New Zealand's unbranded bulk wine exports had the potential to dominate the country's supply and undermine the reputation and price of bottled wine, as seen in Australia, the report said. Without significant industry collaboration, the New Zealand wine industry faced a similar future.

Among the suggested remedies were a reduction in bulk wine sales, and directing the majority of New Zealand's product towards super-premium markets where high margins could balance the country's high production costs.

New Zealand Winegrowers (NZW) chairman and Marlborough grapegrower Stuart Smith said many opportunities for collaboration were available, but many smaller wineries were happy operating independently.

Collaboration offered more scale for a better return, he said. Less supply this year due to poor flowering meant most of the industry would be financially better off. Bulk wine had been a valuable tool in previous years of surplus, but this year's low yields and tonnage meant it was "out of the equation".

Most of the country's wine production was premium, and this was where the industry needed to focus. "Growing high margin sales – that's where the profit is," Mr Smith said. "Things are changing."

Growing premium wine sales, or wine that sold for more than $15 a bottle domestically, was the priority in the next few years.
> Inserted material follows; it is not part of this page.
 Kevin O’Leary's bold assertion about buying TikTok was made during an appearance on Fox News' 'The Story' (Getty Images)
Tiki Wines owner Royce McKean said NZW was hamstrung by representing the needs of two different groups in the industry – independent grape growers and wineries.

Managing supply through distributing information was vital for moving the industry forward to avoid situations such as the oversupply experienced over the past two years. However, NZW did not have the ability or authority to implement this, he said.
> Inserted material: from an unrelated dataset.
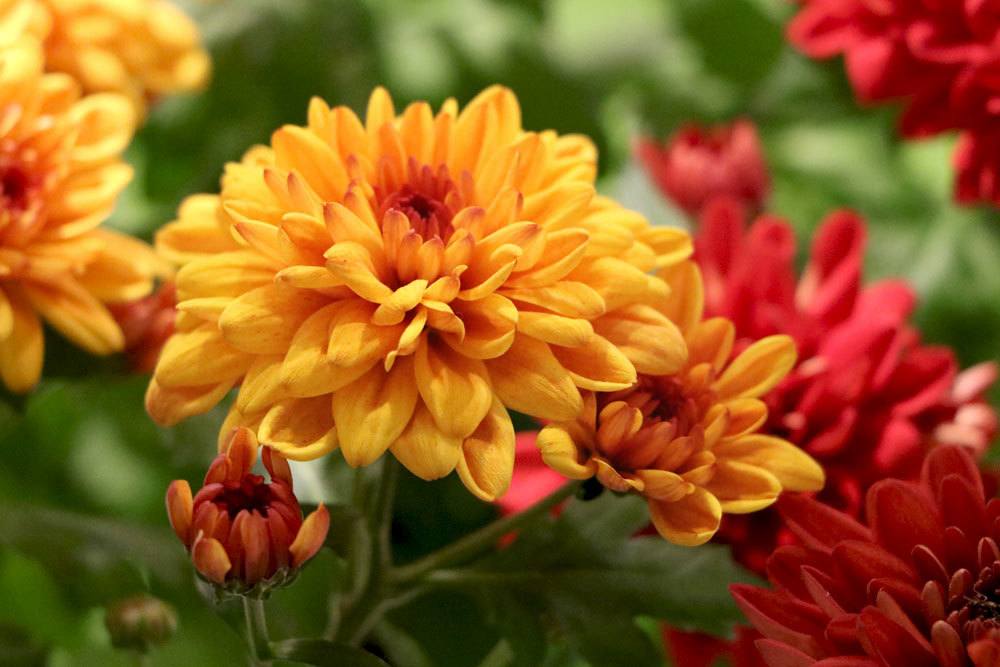 Chrysanthemen in verschiedenen Farben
"It's been a buyer's market, which is not good for a small, boutique wine producing country like New Zealand."

NZW required a split so that each group within the organisation had a separate voice and were served in their best interests, he said. "With everyone acting independently, the effect is the average price they get goes south."

New Zealand's high production costs meant it could never hope to match the production scale of major wine producing areas such as France or South Africa. The industry needed to focus on sustainability and profitability rather than growing sales, he said.
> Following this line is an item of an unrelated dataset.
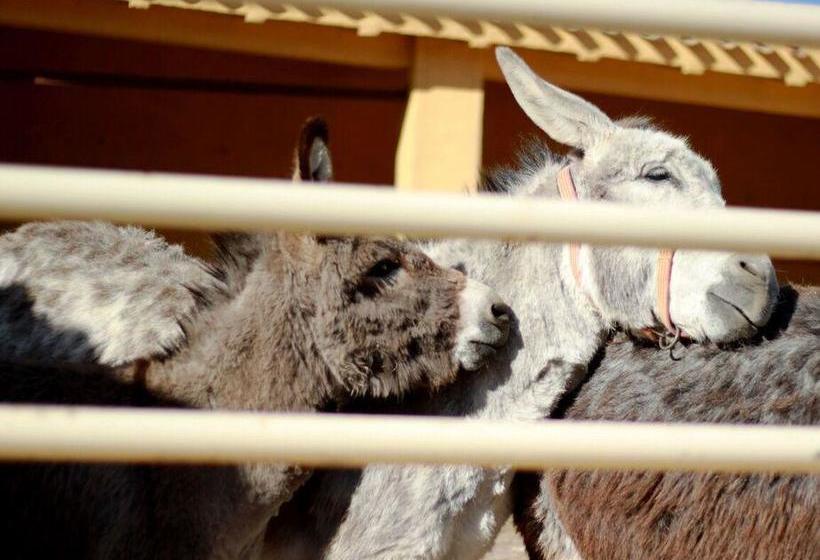منتجع Caserio Inazares   Montaña, Chimenea, Nieve, Barbacoa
Bladen Wines co-owner Dave Macdonald disagreed that the industry was facing a lack of collaboration.

"It's exactly where the industry has been trying to get to since 2007."

NZW had been a constant and effective source of support since Bladen Wines was set up in 1989, he said. Withdrawal of financial support from banks was the biggest threat the company faced.

 EXPORT STATS FOR NZ WINE

Total exports have now hit $1 billion and total sales are $1.5 billion.

The 2010-11 sales data shows exports made up 70 per cent of sales, compared to 10 years ago when it was 32 per cent.

Australia, Britain and North America were the fastest-growing destinations over the past 10 years. They total 87 per cent of exports by volume, and 79 per cent by value.

New Zealand Winegrowers has forecast growth in export markets beyond 2012 at about 5 per cent a year, mainly driven by growth in Asian and North American markets.